« Disclosure Day » : le prochain Spielberg

Par Claude Monnier : Le jour de la Révélation n’aura lieu que le 12 juin 2026 mais la bande-annonce énigmatique parue il y a quelques semaines est une véritable machine à spéculations. Donc… spéculons !

Devant les premières images de « Disclosure Day », qui tiennent tour à tour de la science-fiction, du merveilleux et du film d’action, il est évident que Spielberg cherche à renouer avec le box-office américain, étant donné les échecs commerciaux cuisants (et injustes) de « West Side Story » et « The Fabelmans ». La mise de côté (provisoire ?) du scénariste et dramaturge intello Tony Kushner au profit du prosaïque et efficace David Koepp (« Jurassic Park ») ne trompe pas. « Run for cover » disait Hitchcock ! Pour autant, le sujet est très personnel pour Spielberg : depuis son adolescence, il pense que le gouvernement américain « nous cache quelque chose » au sujet des E.T. La phrase leitmotiv de « Disclosure Day » n’est-elle pas : « La vérité appartient à sept milliards d’individus » ?

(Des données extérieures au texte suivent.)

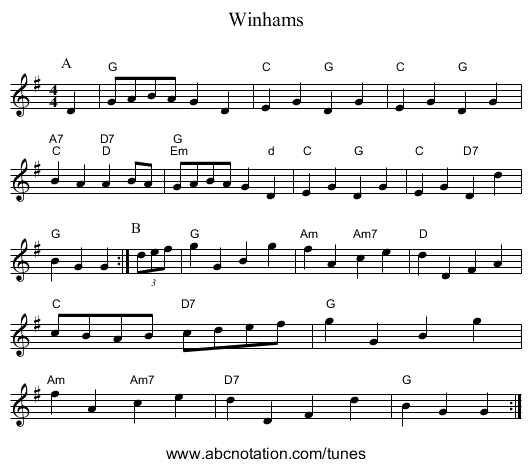 Winhams - staff notation
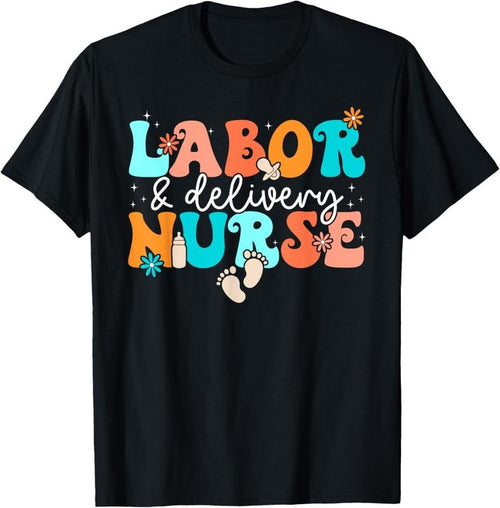 100% Cotton Funny Retro Groovy Labor And Delivery L&D Nurse Squad T-Shirt Hoodie, Sweatshirt | DripVista.com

Le cinéaste a donc imaginé de nouvelles rencontres du troisième type qui, a priori, ne seront pas du tout dans la veine horrible de « La Guerre des mondes ». L’indice de cela, ce sont bien sûr les images positives de la petite fille qui semble en harmonie avec les animaux et qui s’approche d’un manoir d’où émane une lumière merveilleuse. Ces images d’animaux, du reste, sentent un peu trop le CGI. Sont-ce des effets provisoires, susceptibles d’être améliorés ? Ou bien est-ce un contraste volontaire entre la vision angoissante des agents paragouvernementaux menés par Colin Firth et la vision innocente des « élus », dont semblent faire partie la petite fille, Emily Blunt et Josh O’Connor ?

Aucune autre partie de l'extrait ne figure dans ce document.